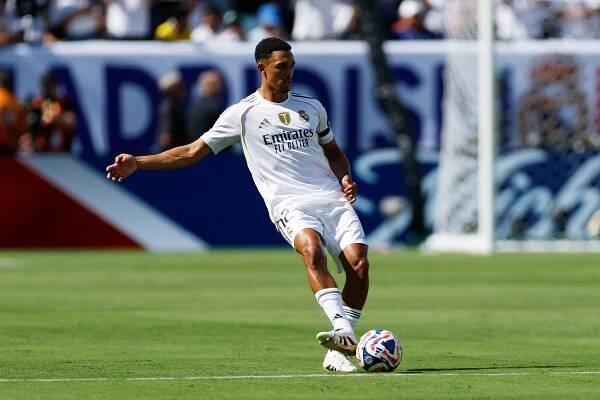 Alexander-Arnold took to the pitch for Real Madrid less than 72 hours after the death of Jota
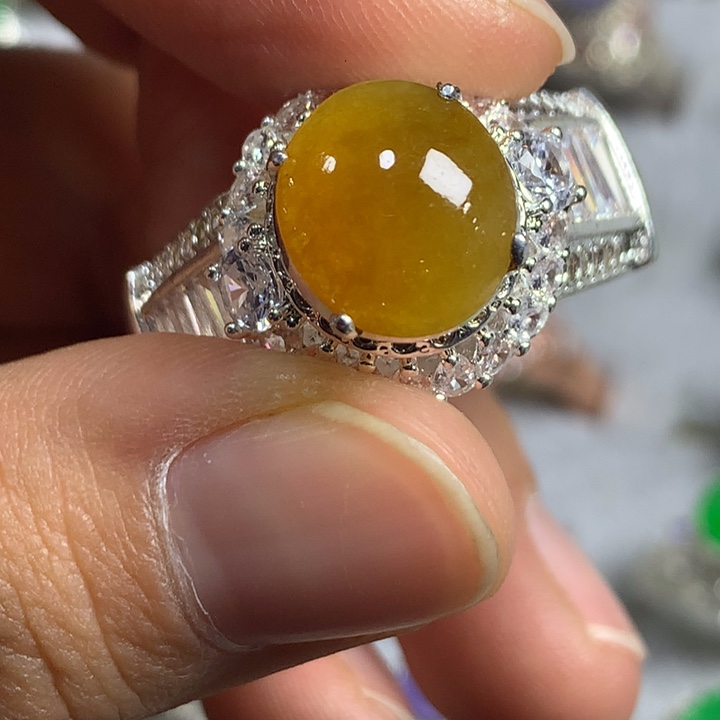 翡翠未镶嵌戒指铜托，卖裸石，需要二次镶嵌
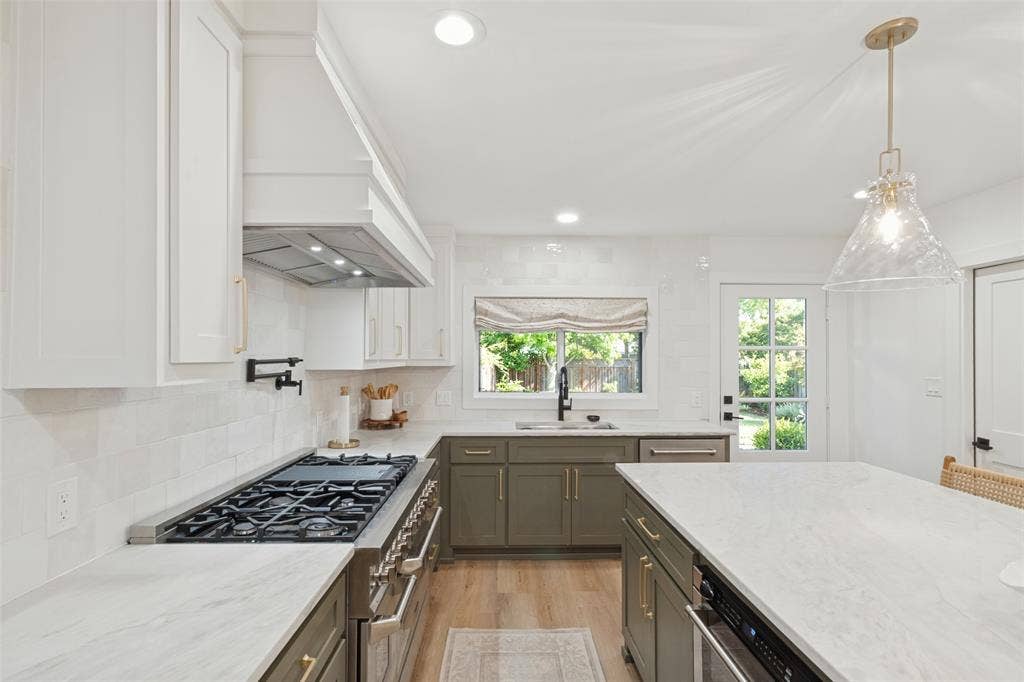 5931 Kenwood Avenue, Dallas, TX 75206 5931 Kenwood Avenue, Dallas, TX 75206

#####

#### Work item:
Repeat verbatim the lines from the one holding "翡翠未镶嵌戒指铜托，卖裸石，需要二次镶嵌" through the end of the listing above, both ends included, but not the pictures.

#### Output below:
 翡翠未镶嵌戒指铜托，卖裸石，需要二次镶嵌
 5931 Kenwood Avenue, Dallas, TX 75206 5931 Kenwood Avenue, Dallas, TX 75206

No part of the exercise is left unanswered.